The Age of Innocence by Edith Wharton

Archer listened in silence, and she went on: “They’d talked me over, as no doubt you know: persuaded me, Lovell, and Letterblair, and Augusta Welland, and all the rest of them, that I must hold out and cut off her allowance, till she was made to see that it was her duty to go back to Olenski. They thought they’d convinced me when the secretary, or whatever he was, came out with the last proposals: handsome proposals I confess they were. After all, marriage is marriage, and money’s money–both useful things in their way . . . and I didn’t know what to answer–” She broke off and drew a long breath, as if speaking had become an effort. “But the minute I laid eyes on her, I said: `You sweet bird, you! Shut you up in that cage again? Never!’ And now it’s settled that she’s to stay here and nurse her Granny as long as there’s a Granny to nurse. It’s not a gay prospect, but she doesn’t mind; and of course I’ve told Letterblair that she’s to be given her proper allowance.”

The young man heard her with veins aglow; but in his confusion of mind he hardly knew whether her news brought joy or pain. He had so definitely decided on the course he meant to pursue that for the moment he could not readjust his thoughts. But gradually there stole over him the delicious sense of difficulties deferred and opportunities miraculously provided. If Ellen had consented to come and live with her grandmother it must surely be because she had recognised the impossibility of giving him up. This was her answer to his final appeal of the other day: if she would not take the extreme step he had urged, she had at last yielded to half-measures. He sank back into the thought with the involuntary relief of a man who has been ready to risk everything, and suddenly tastes the dangerous sweetness of security.

“She couldn’t have gone back–it was impossible!” he exclaimed.

“Ah, my dear, I always knew you were on her side; and that’s why I sent for you today, and why I said to your pretty wife, when she proposed to come with you: `No, my dear, I’m pining to see Newland, and I don’t want anybody to share our transports.’ For you see, my dear–” she drew her head back as far as its tethering chins permitted, and looked him full in the eyes–“you see, we shall have a fight yet.
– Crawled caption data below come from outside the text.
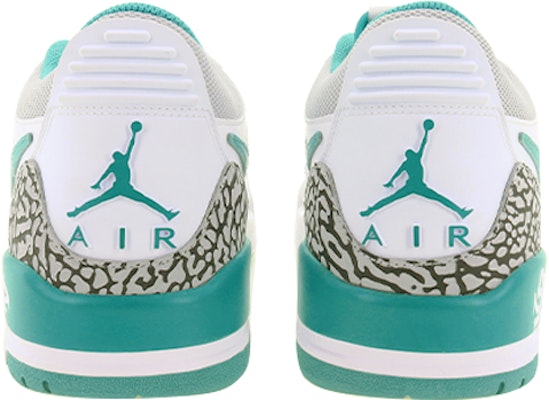 에어 조던 레거시 312 로우 '화이트 그린 가디언' CD7069-130(Team10-守护天使) Purchase 에어 조던 레거시 312 로우 '화이트 그린 가디언' CD7069-130(Team10-守护天使)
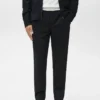 Pantalon jogging à taille élastique Pantalon jogging à taille élastique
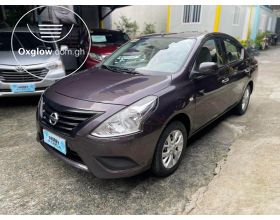 Nissan Almera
The family don’t want her here, and they’ll say it’s because I’ve been ill, because I’m a weak old woman, that she’s persuaded me. I’m not well enough yet to fight them one by one, and you’ve got to do it for me.”

“I?” he stammered.

“You. Why not?” she jerked back at him, her round eyes suddenly as sharp as pen-knives. Her hand fluttered from its chair-arm and lit on his with a clutch of little pale nails like bird-claws. “Why not?” she searchingly repeated.

Archer, under the exposure of her gaze, had recovered his self-possession.

“Oh, I don’t count–I’m too insignificant.”

“Well, you’re Letterblair’s partner, ain’t you? You’ve got to get at them through Letterblair. Unless you’ve got a reason,” she insisted.

“Oh, my dear, I back you to hold your own against them all without my help; but you shall have it if you need it,” he reassured her.

“Then we’re safe!” she sighed; and smiling on him with all her ancient cunning she added, as she settled her head among the cushions: “I always knew you’d back us up, because they never quote you when they talk about its being her duty to go home.”

He winced a little at her terrifying perspicacity, and longed to ask: “And May–do they quote her?” But he judged it safer to turn the question.

“And Madame Olenska? When am I to see her?” he said.

The old lady chuckled, crumpled her lids, and went through the pantomime of archness. “Not today. One at a time, please. Madame Olenska’s gone out.”

He flushed with disappointment, and she went on: “She’s gone out, my child: gone in my carriage to see Regina Beaufort.”